== Problem ==
Using the data below, return word for word every line from the one holding "Men's Non-Slip Tire" down to the one holding "VOE 15153777 – Hose assembly". Leave pictures out.

== Provided data ==
╔══

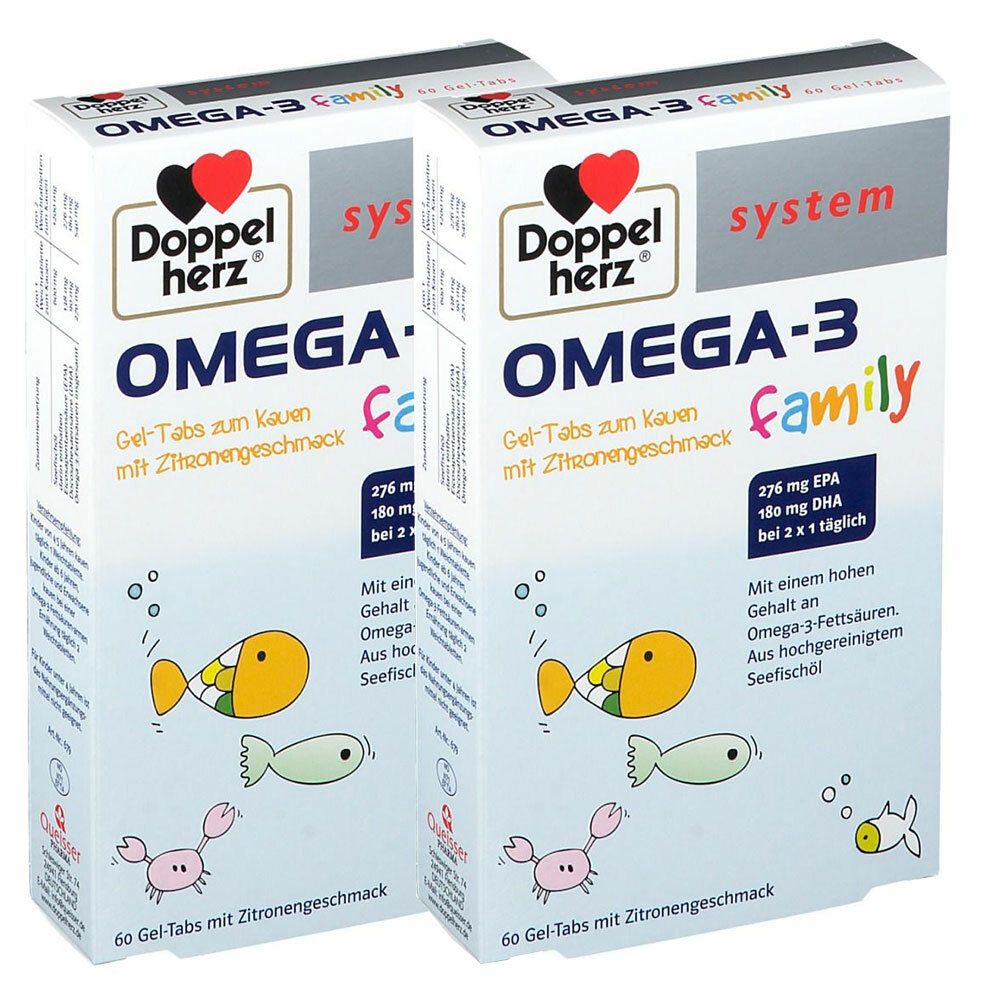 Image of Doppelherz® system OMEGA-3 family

╚══
╔══

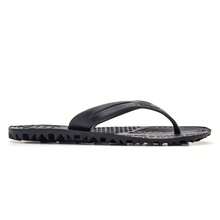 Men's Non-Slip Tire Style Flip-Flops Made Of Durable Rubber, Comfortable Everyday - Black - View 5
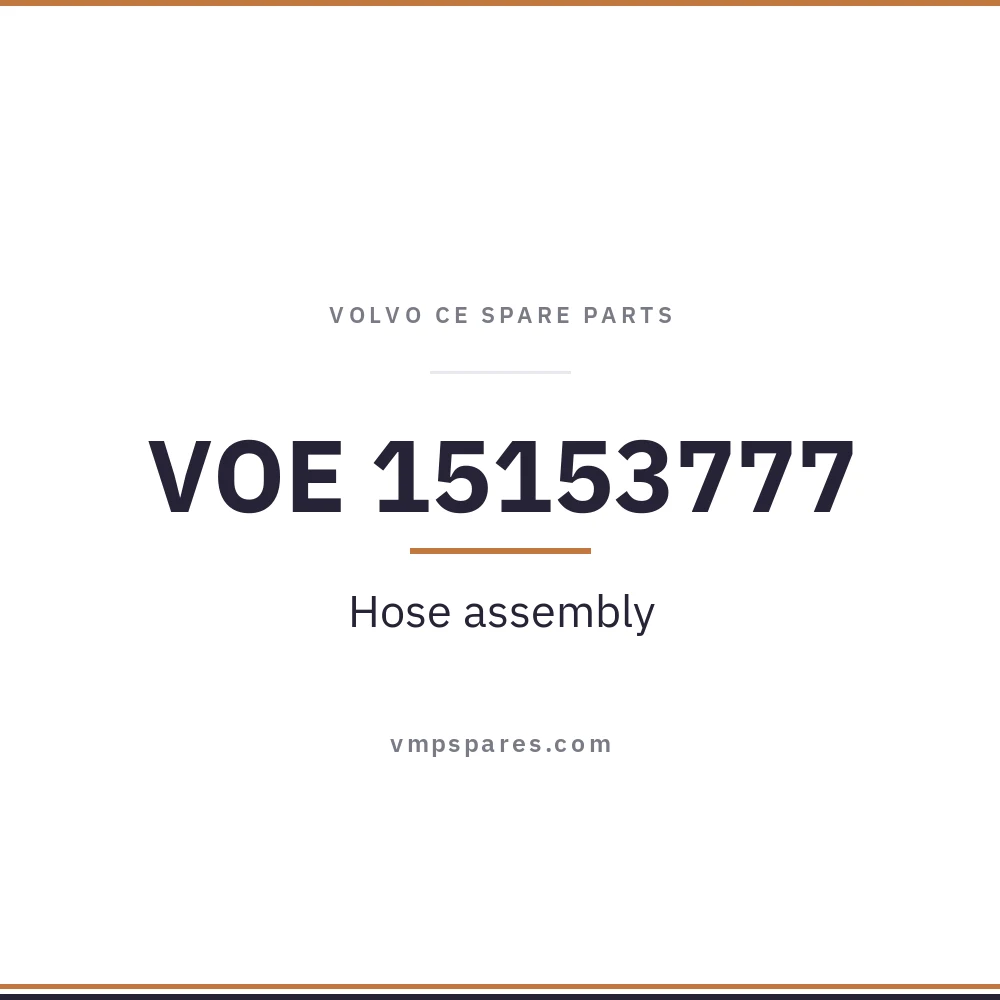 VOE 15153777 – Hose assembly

╚══

== Reply ==
 Men's Non-Slip Tire Style Flip-Flops Made Of Durable Rubber, Comfortable Everyday - Black - View 5
 VOE 15153777 – Hose assembly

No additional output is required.